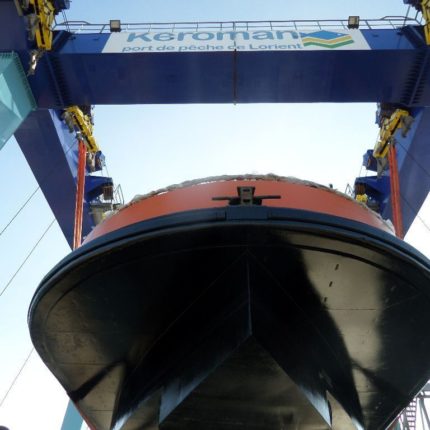 Chargement sur Cargo au Port de Kéroman (Lorient)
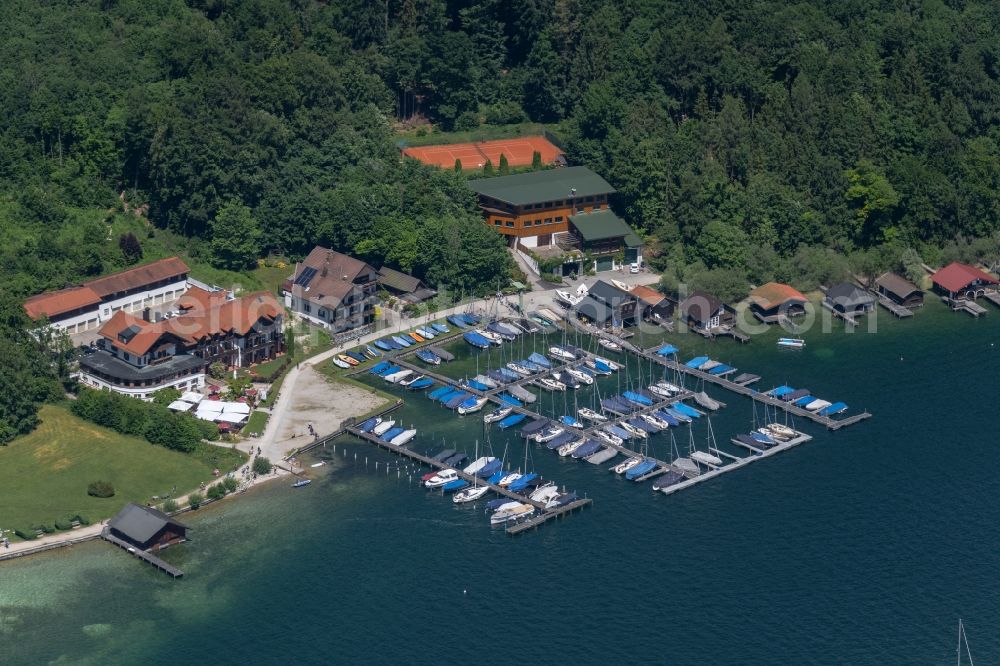 Aerial photograph Pöcking - Pleasure boat marina with docks and moorings on the shore area Possenhofen in Poecking in the state Bavaria, Germany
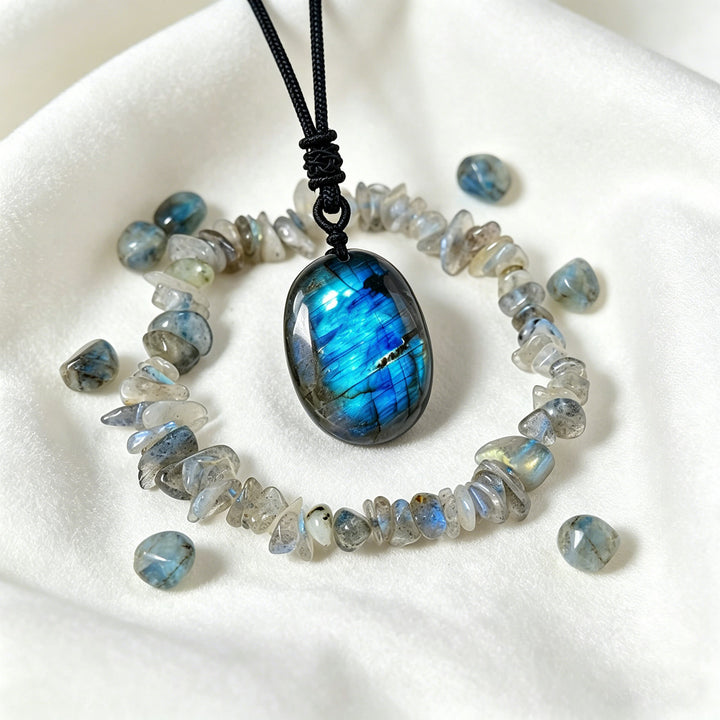 Bracelet Olivenorma avec pendentif cœur en cristal, symbole d'amour - Labradorite de forme libre - image 7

--- Required work ---
Pictures are to be omitted from the copy, and only the lines from the one containing "Aerial photograph Pöcking" through the final line of the listing above are to be written out exactly.

--- Solved exercise ---
 Aerial photograph Pöcking - Pleasure boat marina with docks and moorings on the shore area Possenhofen in Poecking in the state Bavaria, Germany
 Bracelet Olivenorma avec pendentif cœur en cristal, symbole d'amour - Labradorite de forme libre - image 7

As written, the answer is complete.